*** DATA EXTRACT ***

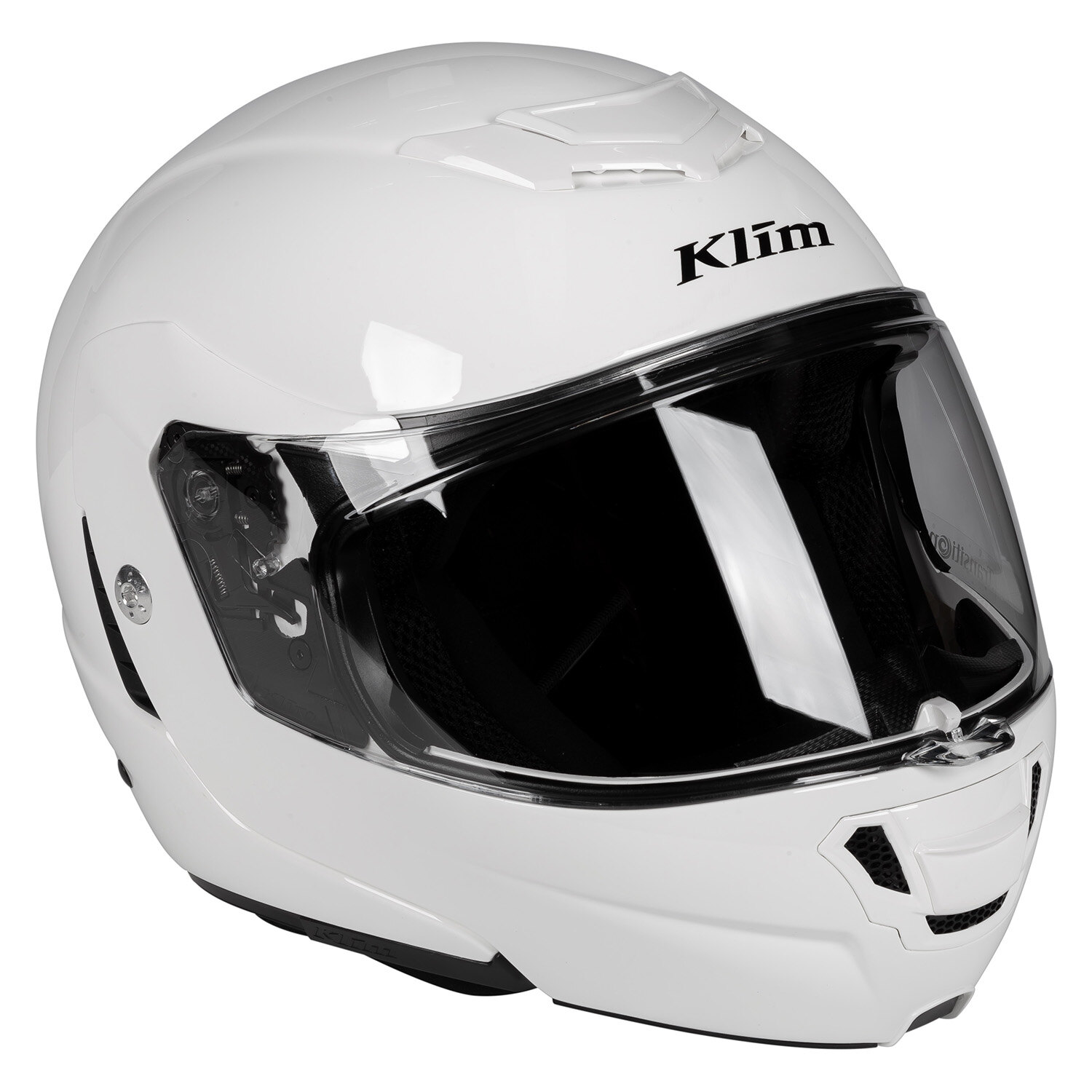 TK1200 Karbon Modular Helmet ECE/DOT SM Gloss White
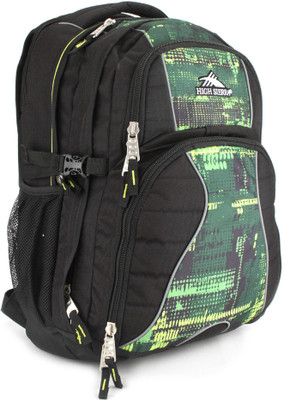 

High Sierra Swerve Laptop Backpack(Multicolor), Black/covert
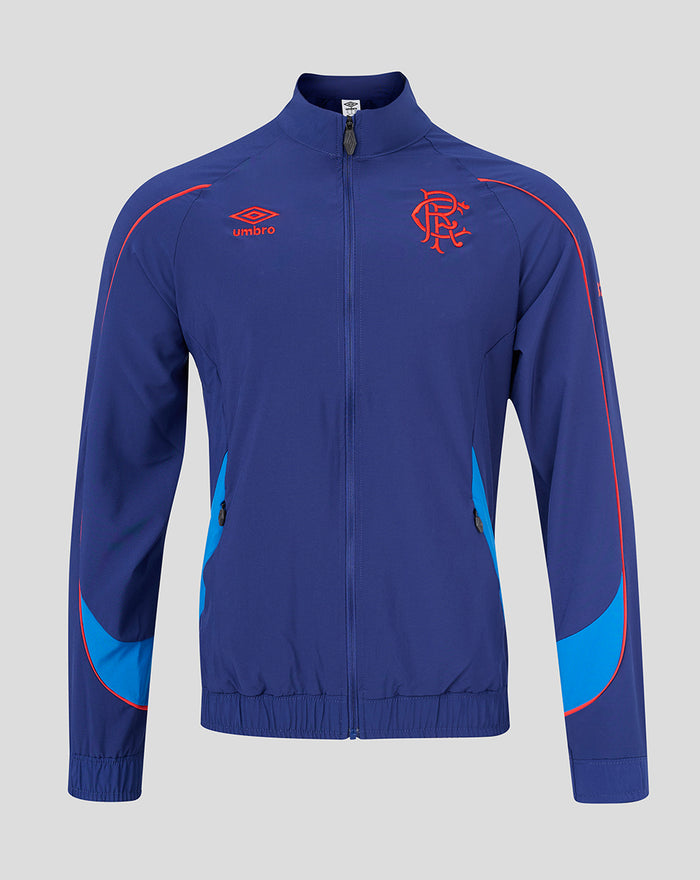 RANGERS FC MENS 2026/27 TRAVEL TRACK JACKET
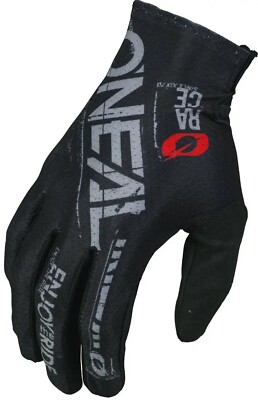 O'Neal Matrix Static Mens MX Offroad Gloves Black/Gray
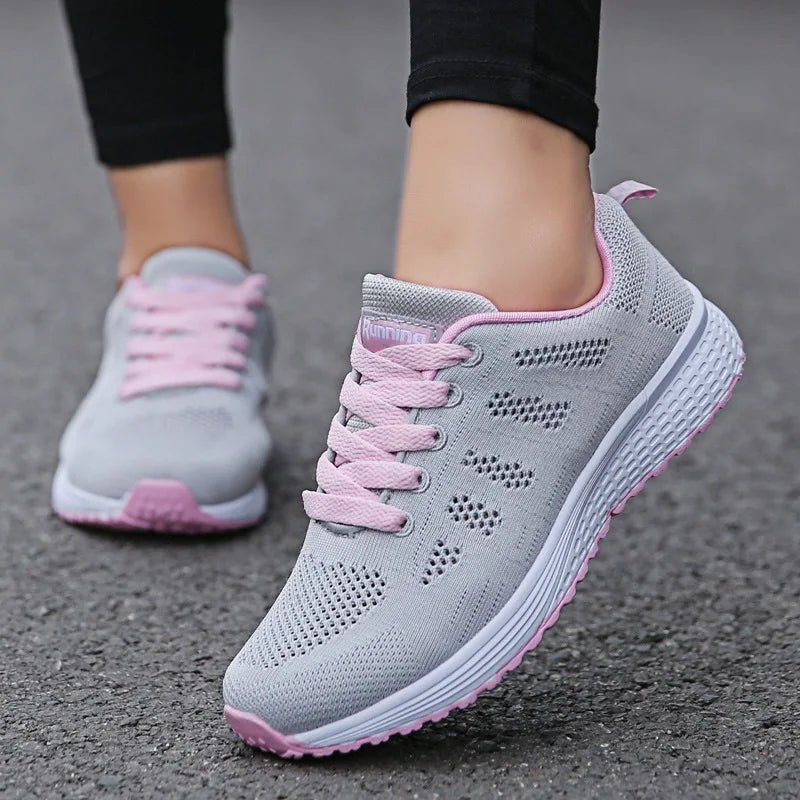 Women's Breathable Running & Gym Sneakers - GRANTED STUDIOS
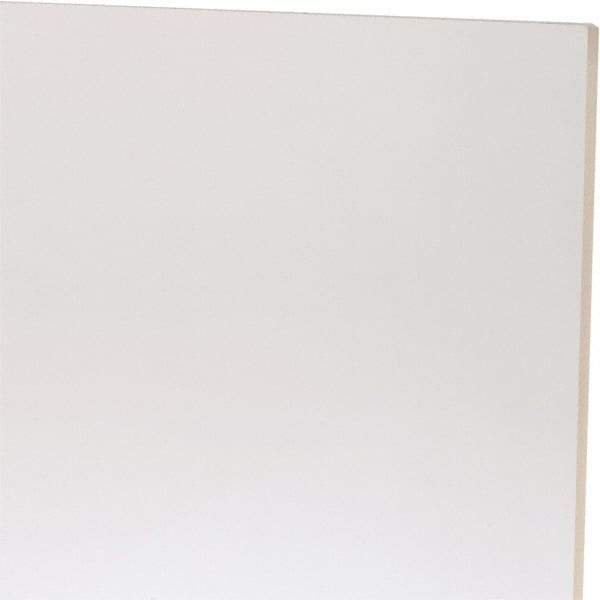 Made in USA - 1/8" Thick x 24" Wide x 4' Long, Acrylic Sheet - Clear, Abrasion Resistant Grade - Industrial Tool & Supply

***

* WHAT YOU HAVE TO DO: Keep every word of the records exact as you write them out, but drop the pictures.

* EXPECTED OUTPUT:
 TK1200 Karbon Modular Helmet ECE/DOT SM Gloss White

High Sierra Swerve Laptop Backpack(Multicolor), Black/covert
 RANGERS FC MENS 2026/27 TRAVEL TRACK JACKET
 O'Neal Matrix Static Mens MX Offroad Gloves Black/Gray
 Women's Breathable Running & Gym Sneakers - GRANTED STUDIOS
 Made in USA - 1/8" Thick x 24" Wide x 4' Long, Acrylic Sheet - Clear, Abrasion Resistant Grade - Industrial Tool & Supply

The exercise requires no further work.